(Required action): All lines with the word "Designs" must be pulled from the entries below.
___
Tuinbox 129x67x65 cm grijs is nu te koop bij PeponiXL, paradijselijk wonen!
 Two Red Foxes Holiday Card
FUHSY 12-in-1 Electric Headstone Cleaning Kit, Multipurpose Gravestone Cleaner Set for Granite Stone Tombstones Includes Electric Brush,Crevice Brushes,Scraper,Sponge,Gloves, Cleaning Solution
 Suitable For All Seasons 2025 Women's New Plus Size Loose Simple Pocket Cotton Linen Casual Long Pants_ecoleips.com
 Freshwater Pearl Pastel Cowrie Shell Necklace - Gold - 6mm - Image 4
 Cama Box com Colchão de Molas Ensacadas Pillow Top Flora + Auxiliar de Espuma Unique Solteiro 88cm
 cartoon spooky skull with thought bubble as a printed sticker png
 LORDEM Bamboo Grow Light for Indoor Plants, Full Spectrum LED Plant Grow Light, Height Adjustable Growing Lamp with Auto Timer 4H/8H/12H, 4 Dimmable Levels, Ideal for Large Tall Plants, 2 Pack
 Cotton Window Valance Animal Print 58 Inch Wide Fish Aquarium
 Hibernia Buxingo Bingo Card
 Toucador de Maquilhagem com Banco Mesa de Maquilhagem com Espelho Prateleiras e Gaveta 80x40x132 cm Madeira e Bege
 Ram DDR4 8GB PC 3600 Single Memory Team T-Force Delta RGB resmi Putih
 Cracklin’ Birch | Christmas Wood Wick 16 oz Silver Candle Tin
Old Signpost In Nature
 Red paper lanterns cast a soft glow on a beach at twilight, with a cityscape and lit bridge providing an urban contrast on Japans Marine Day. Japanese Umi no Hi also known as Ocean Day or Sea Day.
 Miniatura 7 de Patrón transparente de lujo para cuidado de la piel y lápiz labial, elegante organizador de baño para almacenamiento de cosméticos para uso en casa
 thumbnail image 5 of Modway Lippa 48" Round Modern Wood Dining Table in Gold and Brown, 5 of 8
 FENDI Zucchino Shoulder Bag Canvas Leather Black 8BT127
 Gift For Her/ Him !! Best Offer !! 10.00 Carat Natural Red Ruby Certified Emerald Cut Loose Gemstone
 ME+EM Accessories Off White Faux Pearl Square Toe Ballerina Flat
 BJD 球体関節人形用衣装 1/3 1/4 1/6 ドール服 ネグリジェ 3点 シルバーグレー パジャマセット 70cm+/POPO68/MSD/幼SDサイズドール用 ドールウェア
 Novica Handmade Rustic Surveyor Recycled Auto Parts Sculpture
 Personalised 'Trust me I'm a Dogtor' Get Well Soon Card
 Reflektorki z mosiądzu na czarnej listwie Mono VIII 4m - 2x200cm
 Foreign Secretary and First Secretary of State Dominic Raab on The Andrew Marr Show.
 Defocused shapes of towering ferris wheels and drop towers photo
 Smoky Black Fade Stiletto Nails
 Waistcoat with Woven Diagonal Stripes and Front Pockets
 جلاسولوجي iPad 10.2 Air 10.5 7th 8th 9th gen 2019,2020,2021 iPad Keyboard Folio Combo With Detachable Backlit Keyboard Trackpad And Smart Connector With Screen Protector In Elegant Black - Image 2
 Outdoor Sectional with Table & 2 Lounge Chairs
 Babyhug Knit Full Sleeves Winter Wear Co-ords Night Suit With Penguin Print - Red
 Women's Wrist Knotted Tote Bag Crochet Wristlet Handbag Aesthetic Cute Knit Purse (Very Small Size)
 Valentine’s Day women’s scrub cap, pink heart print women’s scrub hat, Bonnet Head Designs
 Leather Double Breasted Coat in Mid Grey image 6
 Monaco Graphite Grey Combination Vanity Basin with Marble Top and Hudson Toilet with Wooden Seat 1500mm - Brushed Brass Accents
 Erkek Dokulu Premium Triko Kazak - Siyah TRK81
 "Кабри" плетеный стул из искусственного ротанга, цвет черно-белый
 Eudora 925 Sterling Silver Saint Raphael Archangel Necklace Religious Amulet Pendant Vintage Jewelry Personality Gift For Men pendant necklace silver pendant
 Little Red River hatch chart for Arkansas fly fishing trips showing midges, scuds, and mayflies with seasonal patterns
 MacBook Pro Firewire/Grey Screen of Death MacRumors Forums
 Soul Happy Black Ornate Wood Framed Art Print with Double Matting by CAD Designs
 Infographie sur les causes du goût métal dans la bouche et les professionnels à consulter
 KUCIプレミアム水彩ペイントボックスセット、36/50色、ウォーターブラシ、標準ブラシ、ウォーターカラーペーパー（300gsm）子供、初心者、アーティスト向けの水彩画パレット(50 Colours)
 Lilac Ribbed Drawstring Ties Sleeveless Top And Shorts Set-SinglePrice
___
(Solution):
 Valentine’s Day women’s scrub cap, pink heart print women’s scrub hat, Bonnet Head Designs
 Soul Happy Black Ornate Wood Framed Art Print with Double Matting by CAD Designs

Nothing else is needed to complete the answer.